May 30, 2018
In a new commentary led by a student at the UNC Gillings School of Global Public Health, several experts reviewed the concept of ‘obstetric violence,’ a legal construct that is being used in Latin America to confront mistreatment of women during childbirth.
Co-authors from the Gillings School include first author Caitlin Williams, MSPH, doctoral student of maternal and child health, and José Belizan, MD, PhD, adjunct professor of maternal and child health.
The full article, titled “Obstetric violence: A Latin American legal response to mistreatment during childbirth,” was published online May 4 by BJOG: An International Journal of Obstetrics and Gynaecology.
“All over the world, childbirth is an exciting and life-changing moment, but it also can be a hard and scary one,” said Williams. “Just think of what you’re asking your body to do! Yet, too often, there are other reasons that women are deeply fearful about giving birth, related to how they are going to be treated – or mistreated – by the very health professionals who are supposed to help them through the process. There are a number of efforts underway to try to change negative provider behavior, and in this commentary, we wanted to highlight one approach that has taken root in Latin America: the use of the legal system.”
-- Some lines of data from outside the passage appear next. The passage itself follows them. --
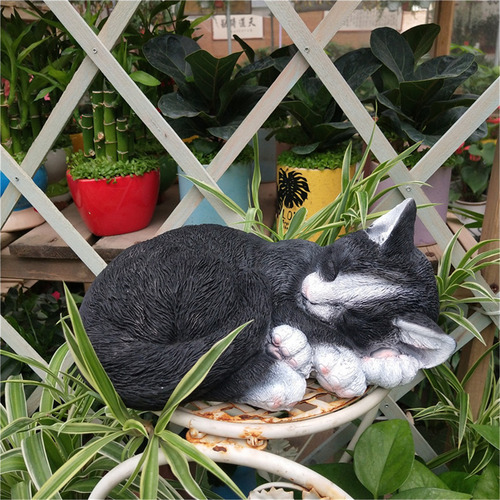 Adornos De Resina Para Decoración De Jardín Con Forma De Est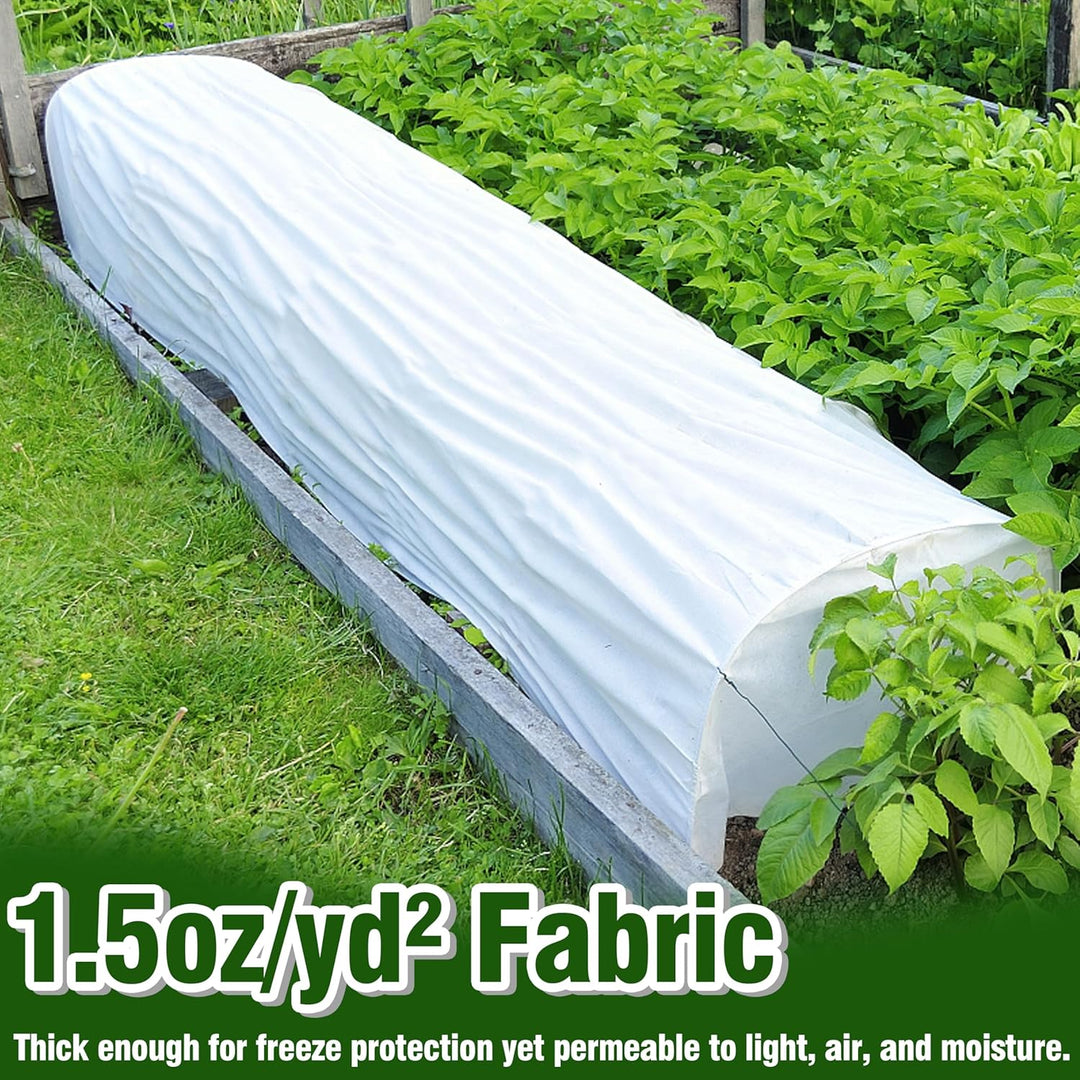 Gardzen 1.5 oz Plant Covers Freeze Protection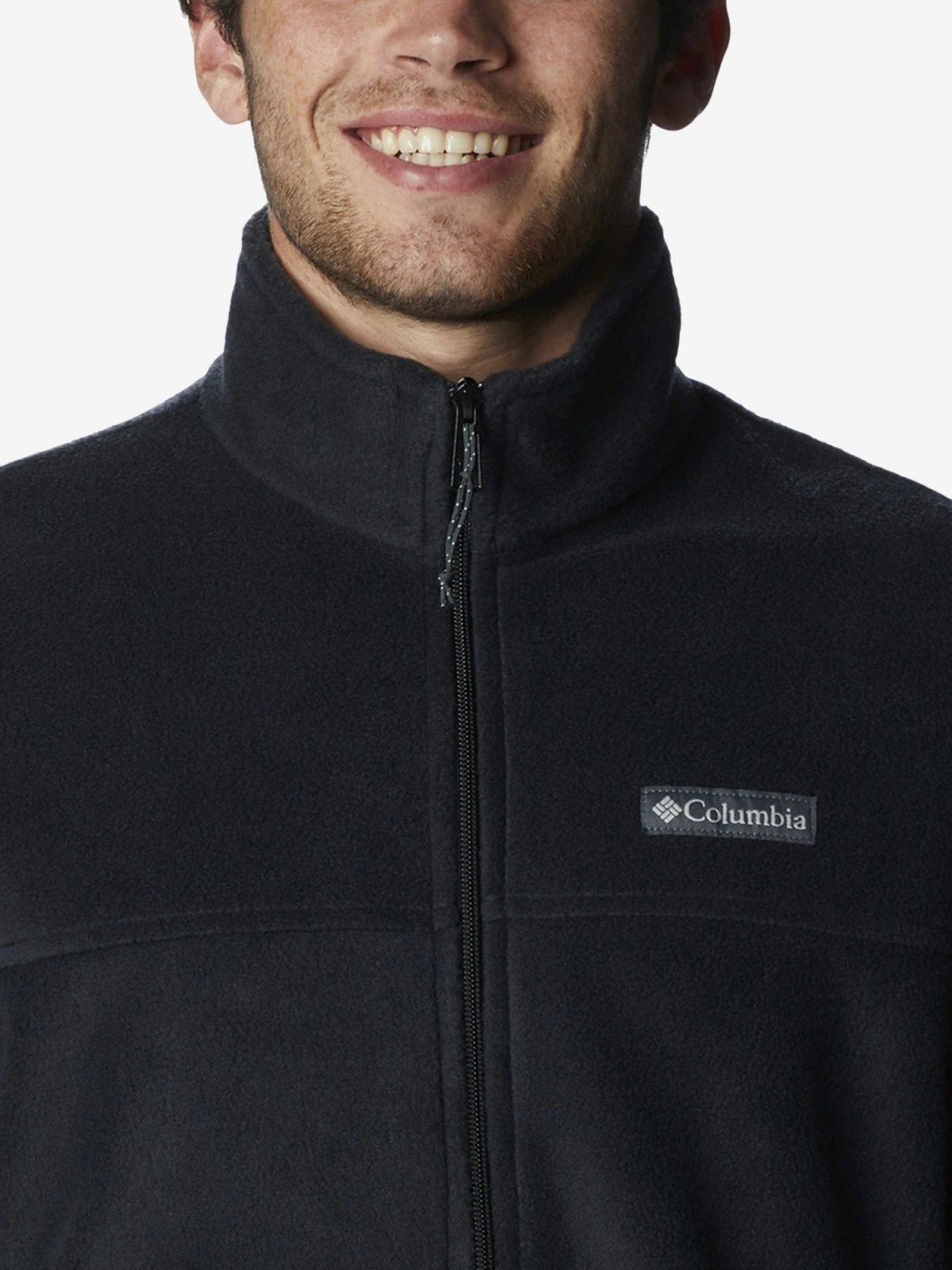 Кофта чоловіча Columbia Steens Mountain Full Zip 2.0 Black (1476671CLB-010) — фото 8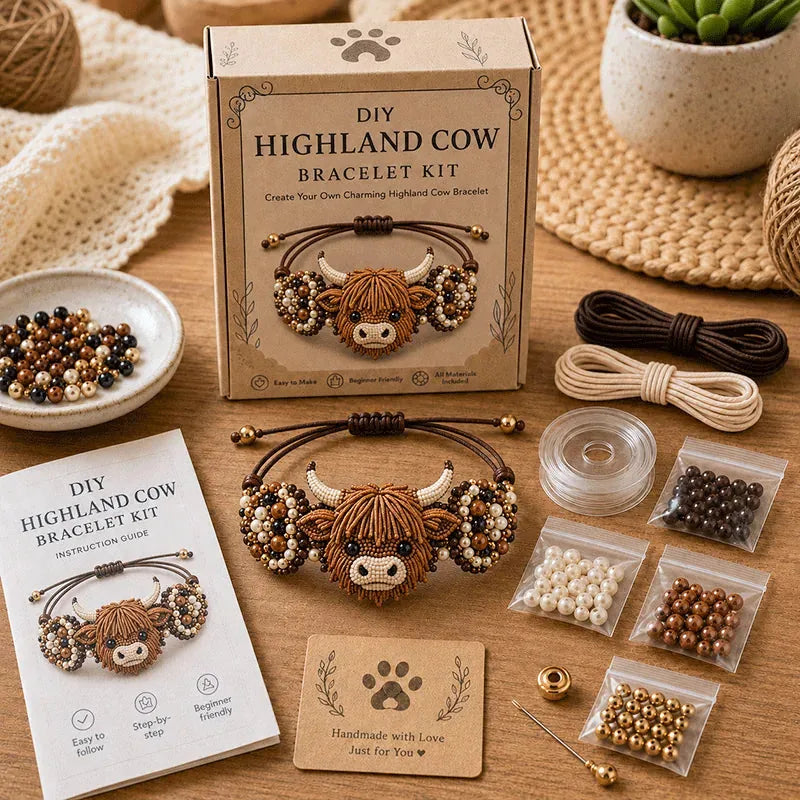 🐙 DIY Beaded Bracelet Making Kit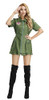 Green Pilot Dress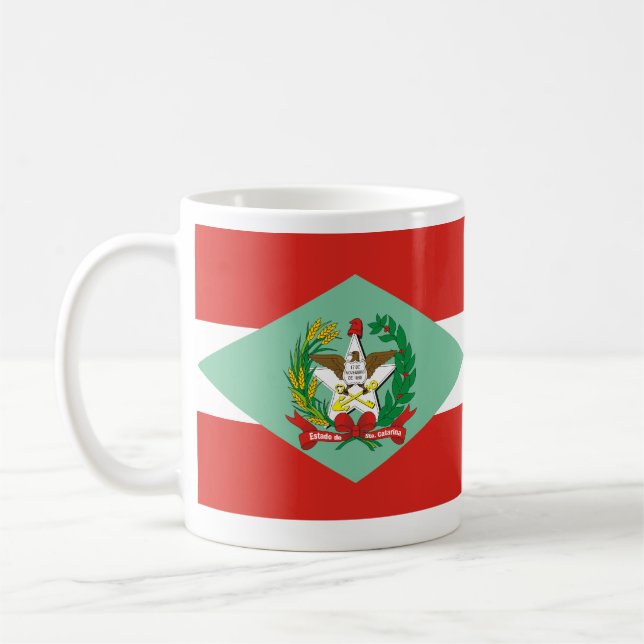 Santa Catarina, Brasilien Kaffeetasse (Links)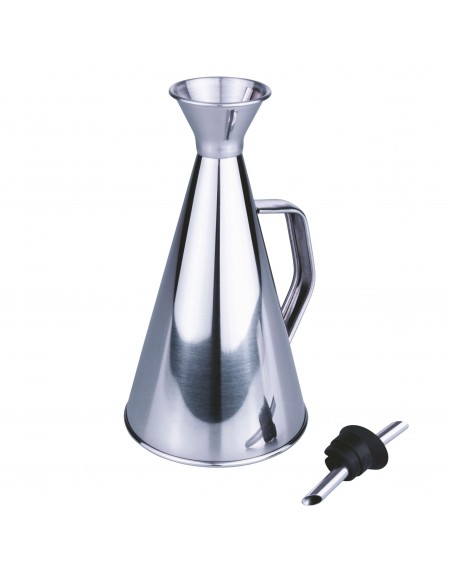 OLIERA ACCIAIO INOX 500 ML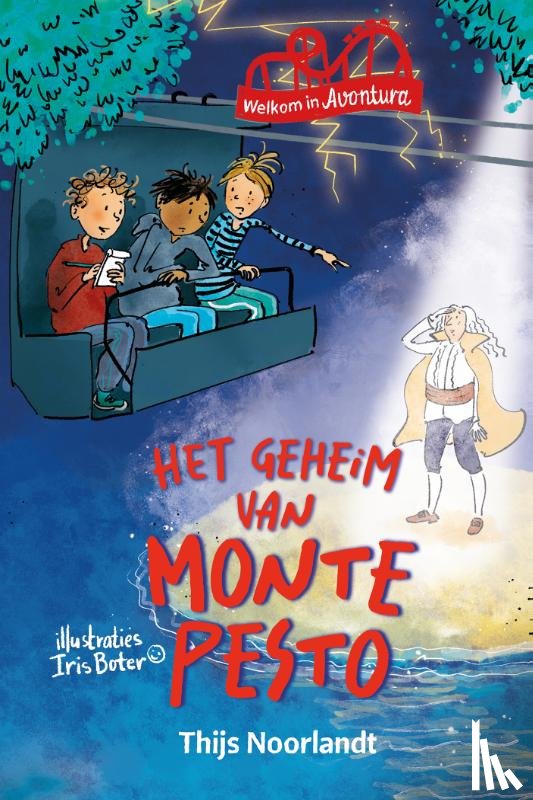 Noorlandt, Thijs - Het geheim van Monte Pesto
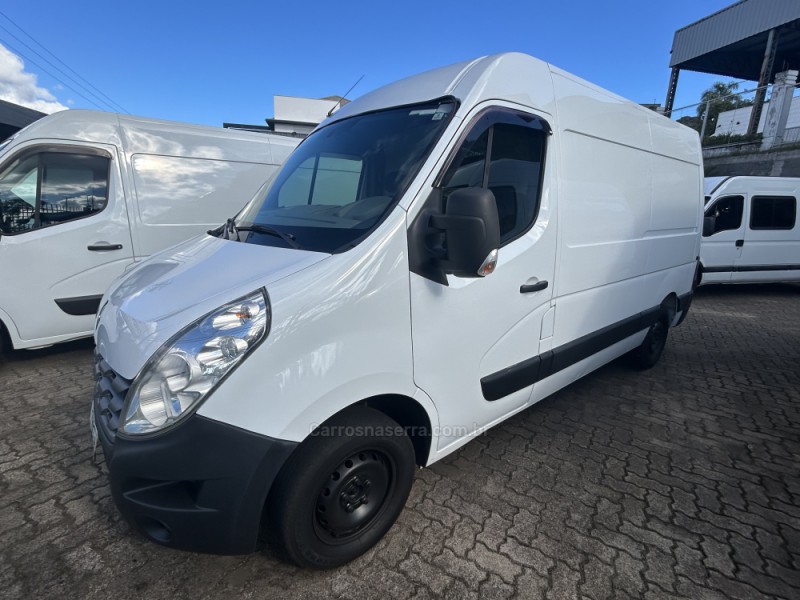 MASTER 2.3 GRAND FURGÃO L2H2 16V TURBO INTERCOOLER DIESEL 4P MANUAL - 2015 - FARROUPILHA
Obstetric mistreatment is a phenomenon that appears to be pervasive across many settings; it includes such diverse concepts as physical, verbal and sexual abuse of women during childbirth; negligence during obstetric emergencies; and denial of medically appropriate care. Though the exact prevalence of treatment that would qualify as obstetric mistreatment is unknown, studies from Tanzania and Brazil report figures above 70 percent, while figures from five European countries are around 20 percent.
In 2007, after years of work by women’s groups, clinicians and public health professionals in Latin America to improve maternal care, a new term, ‘obstetric violence,’ was developed to encompass both obstetric mistreatment and related elements of poor quality care such as unconsented and non-medically indicated care. The term locates mistreatment of childbearing women at the nexus of gender-based violence and clinical malpractice, and provides a legal framework for policies and court cases aimed at battling the problem.
Since the term was defined, five countries in Latin America have enacted laws to combat obstetric violence; some countries have gone further and expanded the legal rights of childbearing women, newborns and their families.
To date, there has been no comprehensive evaluation of these laws, but there are some early signs of how they already are informing public health policy and implementation. For example, in Venezuela, the National Institute for Women developed a brochure defining obstetric violence, detailing who can report it and indicating which institutions receive complaints. In Bolivia, questions about obstetric violence were incorporated into the 2016 National Survey of the Prevalence and Characteristics of Violence Against Women. In Argentina, the Buenos Aires Provincial Ombudsman’s Office has begun developing intervention protocols for cases of obstetric violence, and the first trial for such a case currently is being tried in court.
“These laws offer a potentially promising approach to responding to obstetric mistreatment,” the co-authors wrote in their commentary. “They empower women and families to claim their rights to health care without discrimination.”
Long-term improvements to systematic failures in the implementation of quality maternal care, however, will require multi-sector efforts from health care institutions, advocacy groups and public health researchers. Having a clear way to refer to the problem of obstetric violence is only a foundation for future work to ensure all women’s access to dignified, respectful maternal care.